Mes sensations se passent en moi, puisqu’elles me font sentir mon existence ; mais leur cause m’est étrangère, puisqu’elles m’affectent malgré que j’en aie, et qu’il ne dépend de moi ni de les produire ni de les anéantir. Je conçois donc clairement que ma sensation qui est en moi, et sa cause ou son objet qui est hors de moi, ne sont pas la même chose.

Ainsi, non seulement j’existe, mais il existe d’autres êtres, savoir, les objets de mes sensations ; et quand ces objets ne seraient que des idées, toujours est-il vrai que ces idées ne sont pas moi.

Or, tout ce que je sens hors de moi et qui agit sur mes sens, je l’appelle matière ; et toutes les portions de matière que je conçois réunies en êtres individuels, je les appelle des corps. Ainsi toutes les disputes des idéalistes et des matérialistes ne signifient rien pour moi : leurs distinctions sur l’apparence et la réalité des corps sont des chimères.

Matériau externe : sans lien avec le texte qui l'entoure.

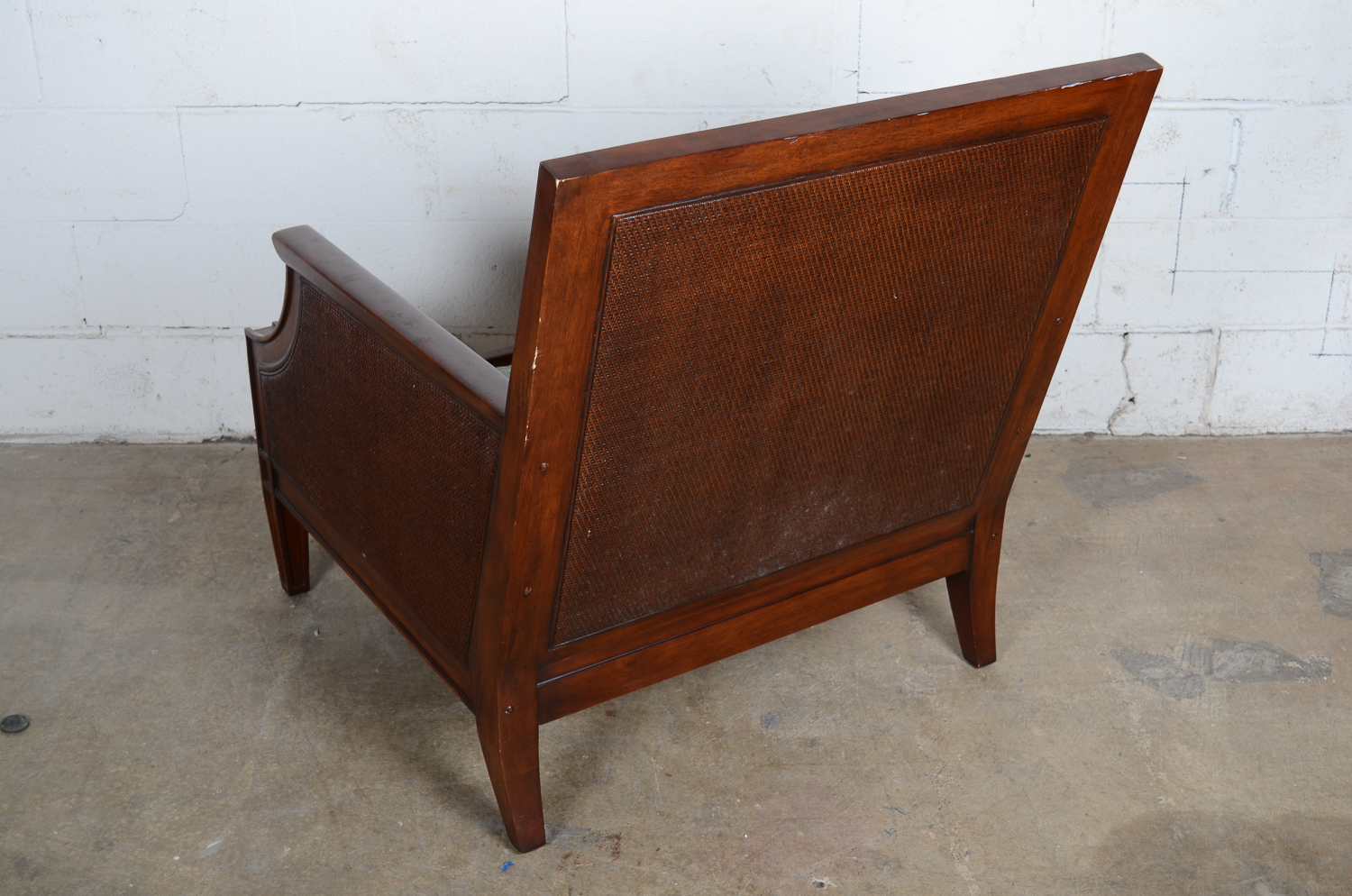 Martha Stewart for Bernhart Armchair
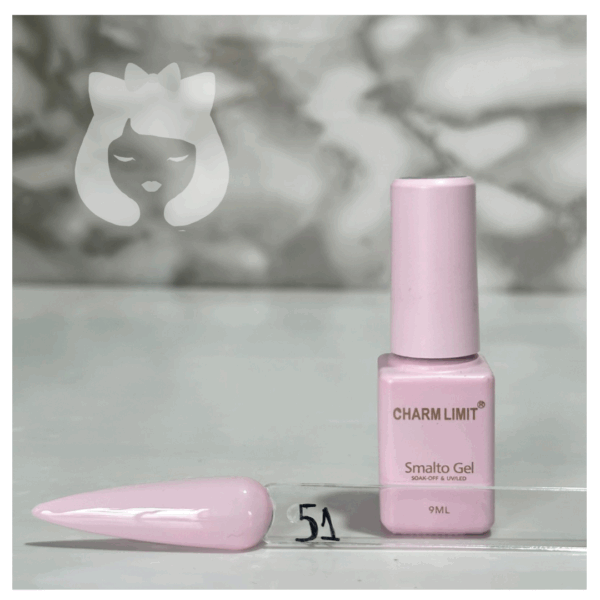 Charm Limit Small 9ml #51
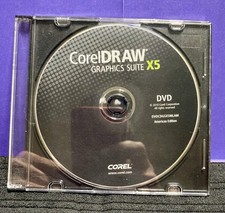 DVD CorelDRAW Graphic Suite X5 somente disco comprar usado DVD CorelDRAW Graphic Suite X5 somente disco comprar usado  Enviando para Brazil
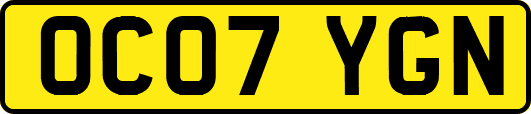 OC07YGN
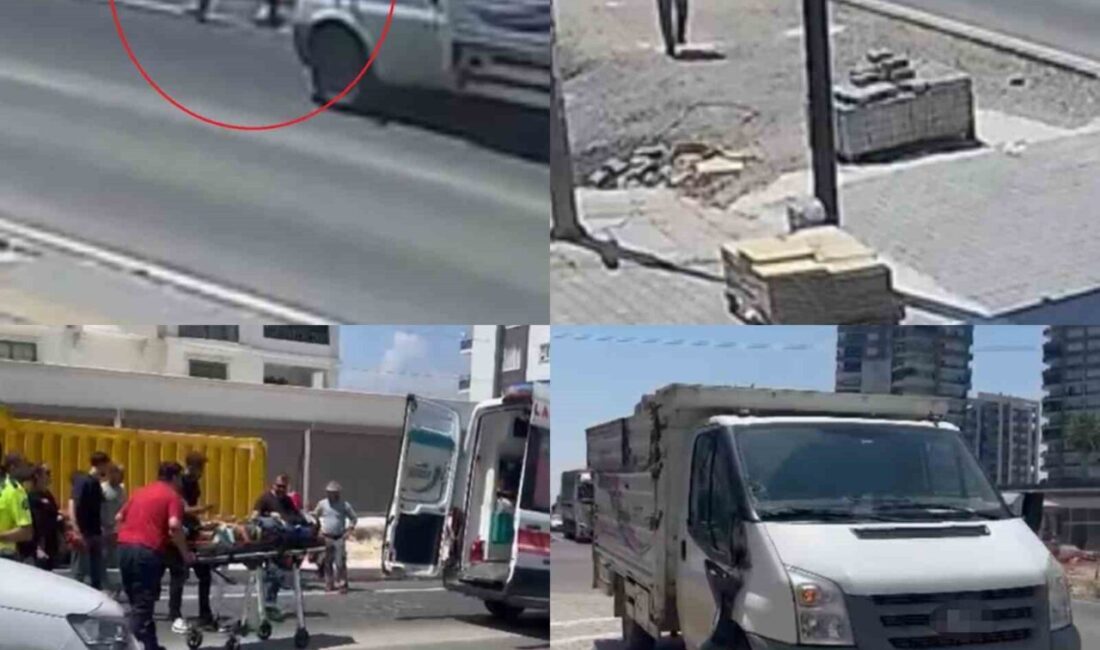 Erdemli ilçesinde meydana gelen trafik kazasında 16 yaşındaki bir sürücü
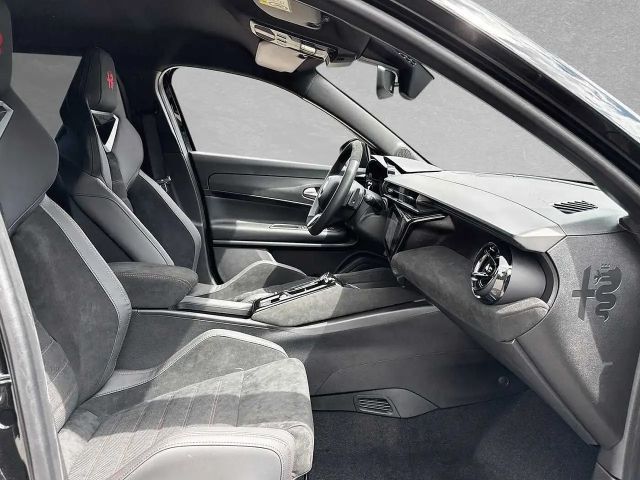 Alfa Romeo Junior Ibrida Speciale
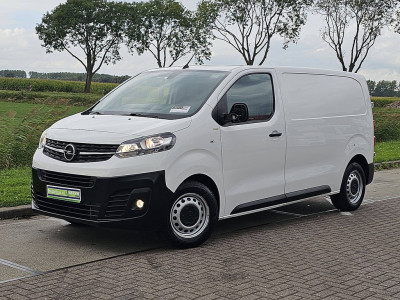 Opel VIVARO 1.5 L2 NAP Euro6 3-Zits! foto 2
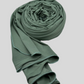 Jersey Hijab mintgrün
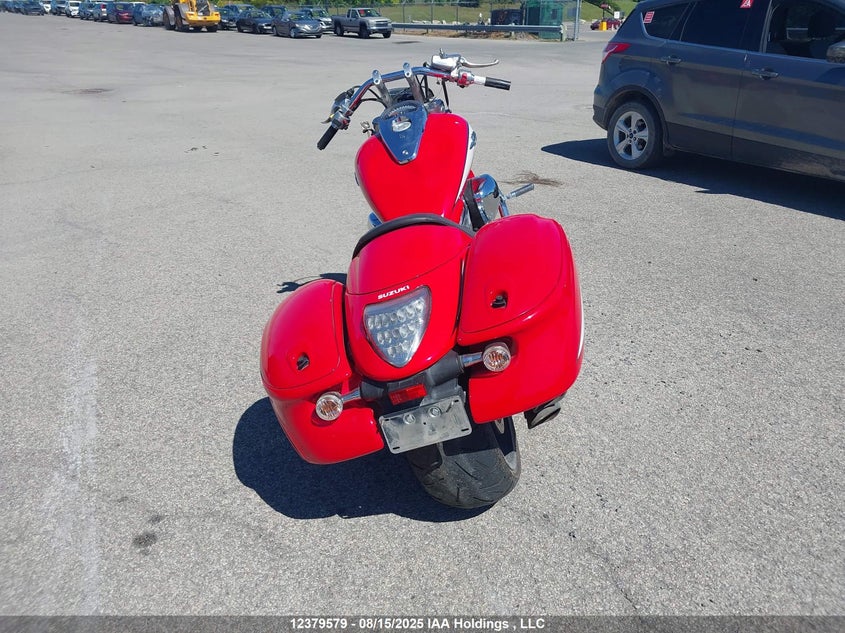 2013 Suzuki Vzr1800 VIN: JS1VY53A8D2100688 Lot: 12379579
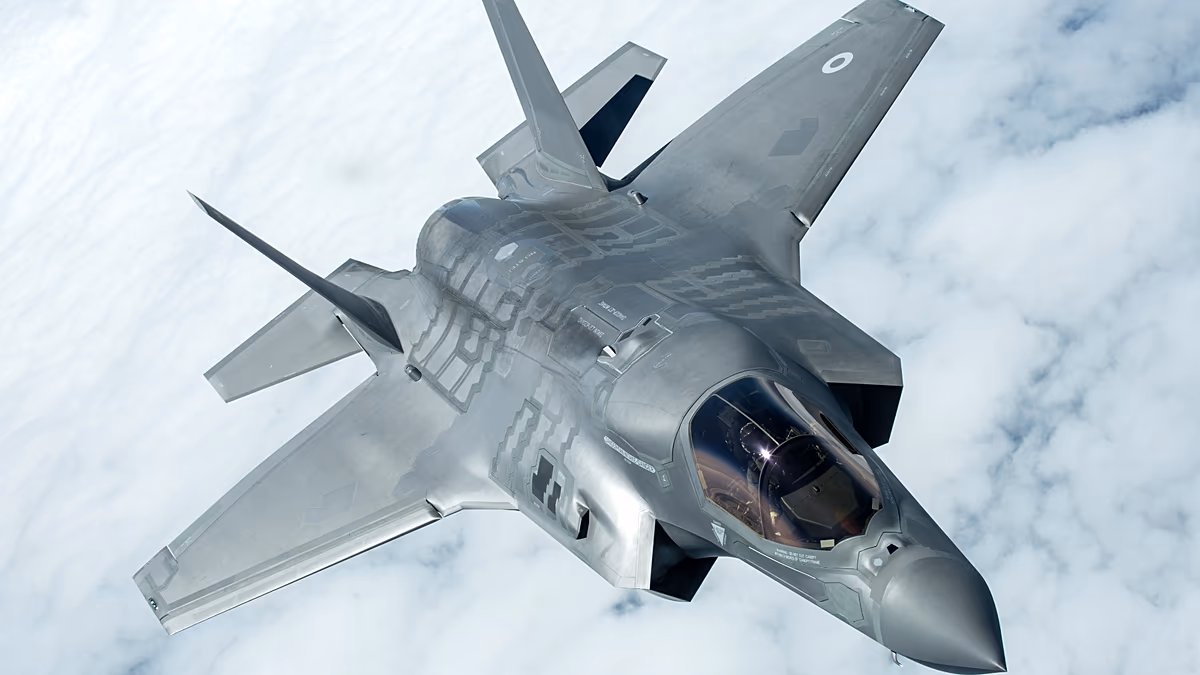 Netanyahu, ABD'ye seslendi: 'Türkiye'ye F110 ve F-35 motoru vermeyin'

Me voici déjà tout aussi sûr de l’existence de l’univers que de la mienne. Ensuite je réfléchis sur les objets de mes sensations ; et, trouvant en moi la faculté de les comparer, je me sens doué d’une force active que je ne savais pas avoir auparavant.

Apercevoir, c’est sentir ; comparer, c’est juger ; juger et sentir ne sont pas la même chose. Par la sensation, les objets s’offrent à moi séparés, isolés, tels qu’ils sont dans la nature ; par la comparaison, je les remue, je les transporte pour ainsi dire, je les pose l’un sur l’autre pour prononcer sur leur différence ou sur leur similitude, et généralement sur tous leurs rapports. Selon moi la faculté distinctive de l’être actif ou intelligent est de pouvoir donner un sens à ce mot est. Je cherche en vain dans l’être purement sensitif cette force intelligente qui superpose et puis qui prononce ; je ne la saurais voir dans sa nature. Cet être passif sentira chaque objet séparément, ou même il sentira l’objet total formé des deux ; mais, n’ayant aucune force pour les replier l’un sur l’autre, il ne les comparera jamais, il ne les jugera point.

Voir deux objets à la fois, ce n’est pas voir leurs rapports ni juger de leurs différences ; apercevoir plusieurs objets les uns hors des autres n’est pas les nombrer. Je puis avoir au même instant l’idée d’un grand bâton et d’un petit bâton sans les comparer, sans juger que l’un est plus petit que l’autre, comme je puis voir à la fois ma main entière, sans faire le compte de mes doigts [1]. Ces idées comparatives, plus grand, plus petit, de même que les idées numériques d’un, de deux, etc., ne sont certainement pas des sensations, quoique mon esprit ne les produise qu’à l’occasion de mes sensations.

On nous dit que l’être sensitif distingue les sensations les unes des autres par les différences qu’ont entre elles ces mêmes sensations : ceci demande explication. Quand les sensations sont différentes, l’être sensitif les distingue par leurs différences : quand elles sont semblables, il les distingue parce qu’il sent les unes hors des autres. Autrement, comment dans une sensation simultanée distinguerait-il deux objets égaux ? il faudrait nécessairement qu’il confondît ces deux objets et les prît pour le même, surtout dans un système où l’on prétend que les sensations représentatives de l’étendue ne sont point étendues.

Quand les deux sensations à comparer sont aperçues, leur impression est faite, chaque objet est senti, les deux sont sentis, mais leur rapport n’est pas senti pour cela. Si le jugement de ce rapport n’était qu’une sensation, et me venait uniquement de l’objet, mes jugements ne me tromperaient jamais, puisqu’il n’est jamais faux que je sente ce que je sens.

Pourquoi donc est-ce que je me trompe sur le rapport de ces deux bâtons, surtout s’ils ne sont pas parallèles ? Pourquoi, dis-je, par exemple, que le petit bâton est le tiers du grand, tandis qu’il n’en est que le quart ? Pourquoi l’image, qui est la sensation, n’est-elle pas

  1. Les relations de M. de la Condamine nous parlent d’un peuple qui ne savait compter que jusqu’à trois. Cependant les hommes qui composaient ce peuple, ayant des mains, avaient souvent aperçu leurs doigts sans savoir compter jusqu’à cinq.